EXERCISE →
Below is a listing with pictures in it; transcribe exactly the lines from the one that has "Now let's see" through the one that has "Here the Allow", and omit those pictures.

EXERCISE INPUT →
==========

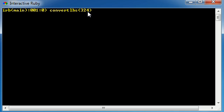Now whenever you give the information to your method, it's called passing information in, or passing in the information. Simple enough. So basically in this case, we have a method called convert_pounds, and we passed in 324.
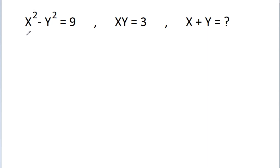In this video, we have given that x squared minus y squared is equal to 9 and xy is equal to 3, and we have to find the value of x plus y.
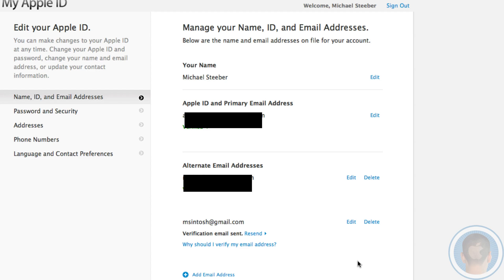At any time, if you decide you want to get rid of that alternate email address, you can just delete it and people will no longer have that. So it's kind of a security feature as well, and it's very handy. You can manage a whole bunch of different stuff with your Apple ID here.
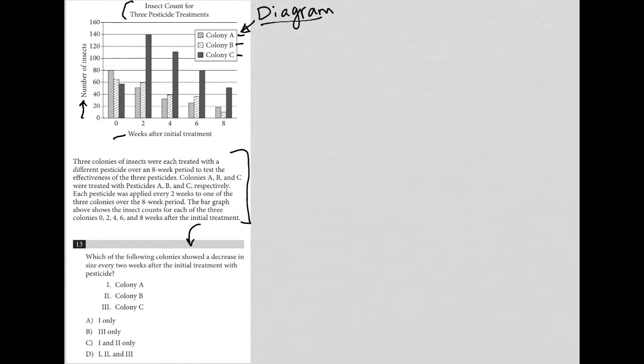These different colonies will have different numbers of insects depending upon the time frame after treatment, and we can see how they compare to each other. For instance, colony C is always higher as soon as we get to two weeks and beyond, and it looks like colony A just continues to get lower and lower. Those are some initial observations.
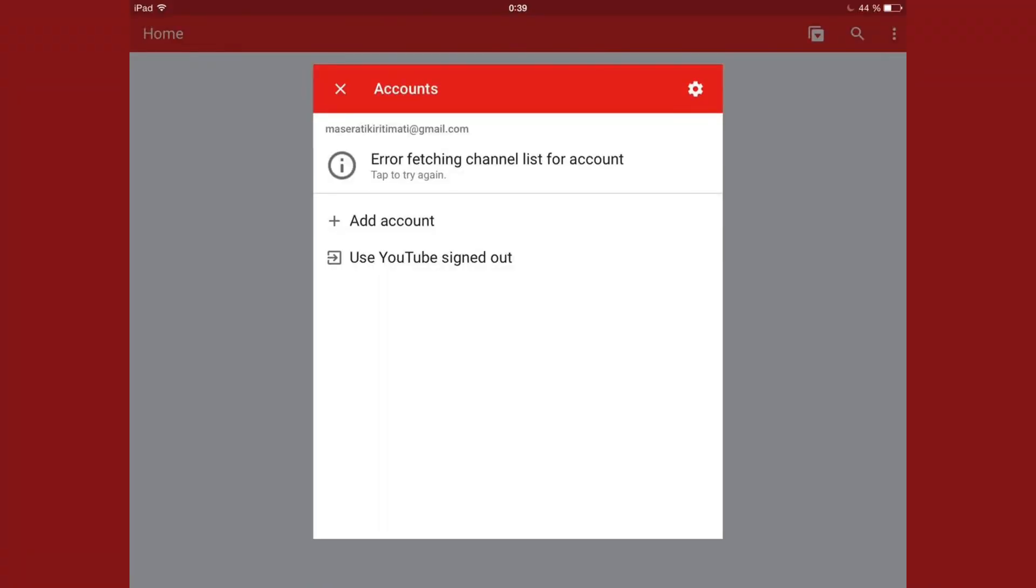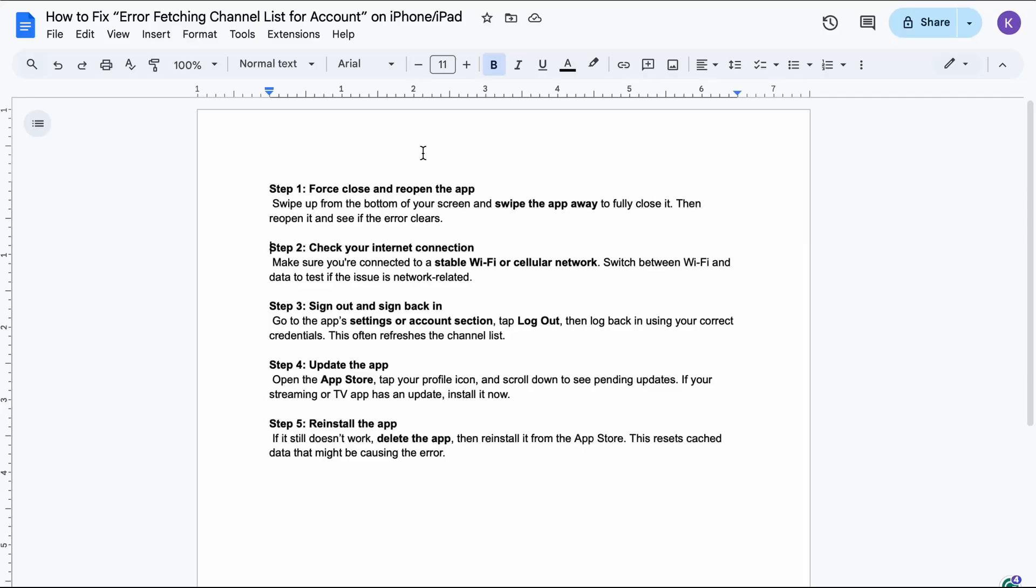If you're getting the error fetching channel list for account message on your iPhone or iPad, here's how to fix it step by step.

==========

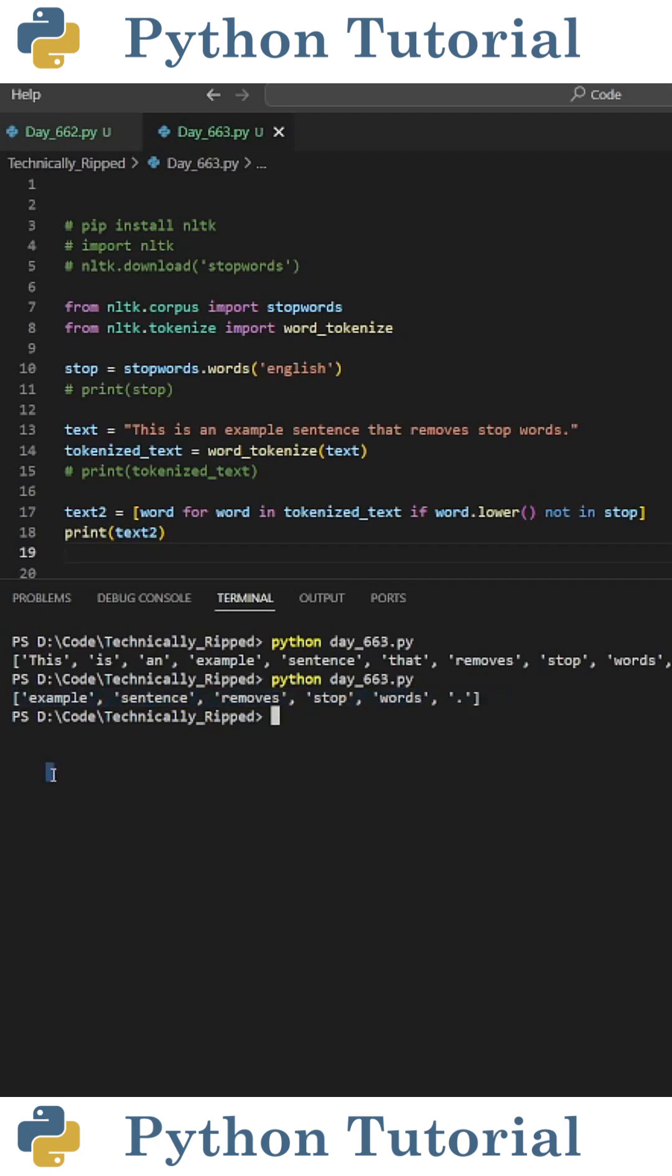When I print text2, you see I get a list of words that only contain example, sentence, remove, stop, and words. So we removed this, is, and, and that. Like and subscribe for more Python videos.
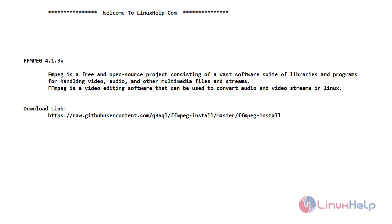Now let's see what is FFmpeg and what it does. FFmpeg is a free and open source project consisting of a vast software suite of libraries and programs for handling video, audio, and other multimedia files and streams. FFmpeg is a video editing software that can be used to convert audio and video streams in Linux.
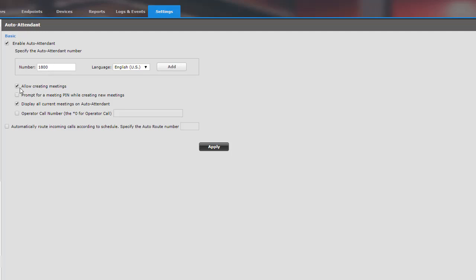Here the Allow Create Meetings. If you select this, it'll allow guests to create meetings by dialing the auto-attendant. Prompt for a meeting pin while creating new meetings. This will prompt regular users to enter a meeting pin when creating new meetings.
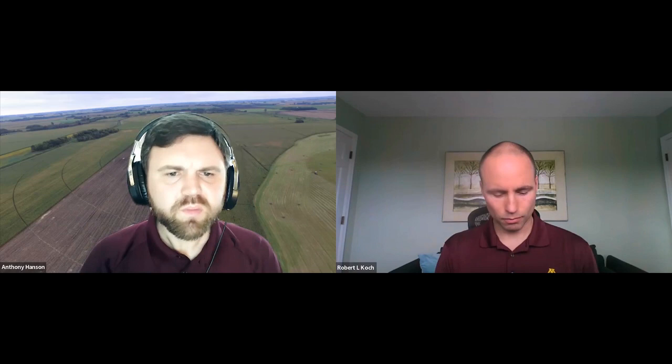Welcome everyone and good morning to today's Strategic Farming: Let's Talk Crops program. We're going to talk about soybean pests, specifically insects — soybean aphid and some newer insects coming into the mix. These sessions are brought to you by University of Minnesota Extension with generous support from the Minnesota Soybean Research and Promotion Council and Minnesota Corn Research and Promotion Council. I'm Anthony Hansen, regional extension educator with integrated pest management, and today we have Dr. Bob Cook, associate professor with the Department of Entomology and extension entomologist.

==========

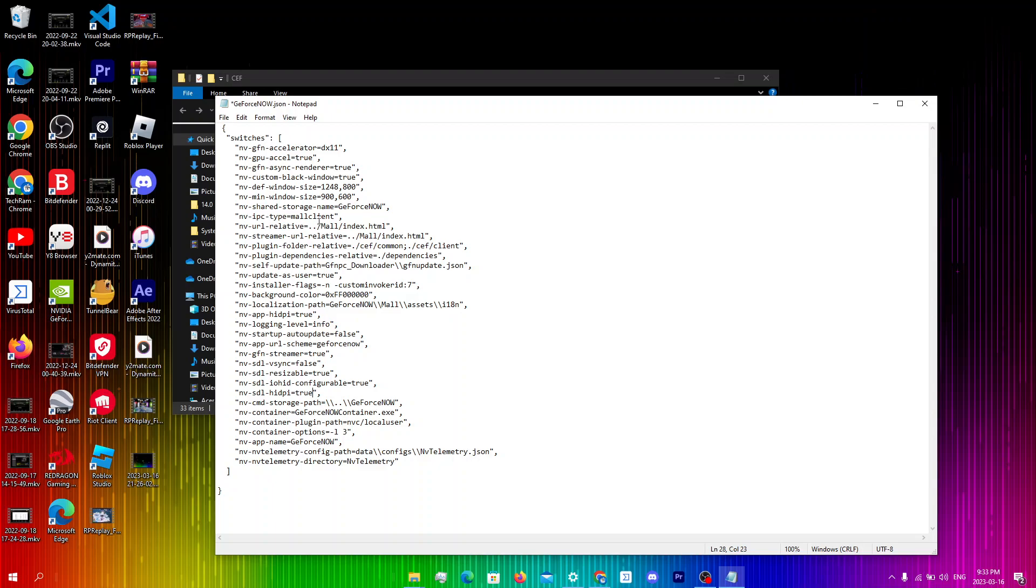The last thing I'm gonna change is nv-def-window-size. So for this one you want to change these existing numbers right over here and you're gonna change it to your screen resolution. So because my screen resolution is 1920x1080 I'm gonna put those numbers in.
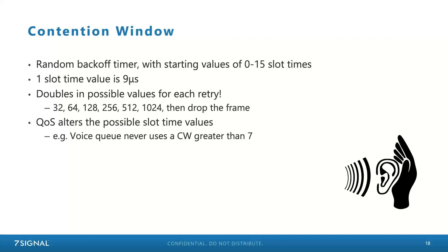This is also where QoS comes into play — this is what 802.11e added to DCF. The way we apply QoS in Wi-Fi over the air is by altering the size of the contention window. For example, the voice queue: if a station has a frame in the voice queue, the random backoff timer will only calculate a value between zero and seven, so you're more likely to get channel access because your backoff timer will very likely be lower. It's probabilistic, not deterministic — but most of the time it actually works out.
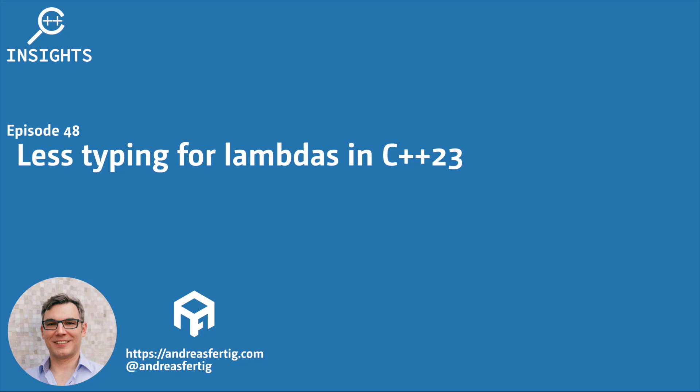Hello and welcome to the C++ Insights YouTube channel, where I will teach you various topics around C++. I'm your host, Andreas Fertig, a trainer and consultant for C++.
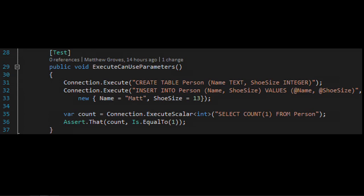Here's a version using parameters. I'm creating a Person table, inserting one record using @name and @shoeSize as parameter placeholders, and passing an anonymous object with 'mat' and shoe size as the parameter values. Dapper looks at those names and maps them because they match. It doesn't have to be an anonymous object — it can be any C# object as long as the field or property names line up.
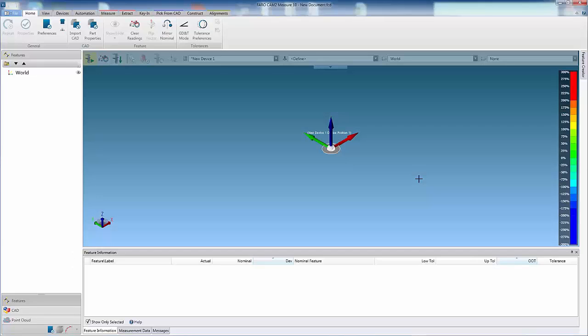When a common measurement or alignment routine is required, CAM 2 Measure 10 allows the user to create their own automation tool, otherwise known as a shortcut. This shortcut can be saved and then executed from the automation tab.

==========

ANSWER BOX →
Now let's see what is FFmpeg and what it does. FFmpeg is a free and open source project consisting of a vast software suite of libraries and programs for handling video, audio, and other multimedia files and streams. FFmpeg is a video editing software that can be used to convert audio and video streams in Linux.
Here the Allow Create Meetings. If you select this, it'll allow guests to create meetings by dialing the auto-attendant. Prompt for a meeting pin while creating new meetings. This will prompt regular users to enter a meeting pin when creating new meetings.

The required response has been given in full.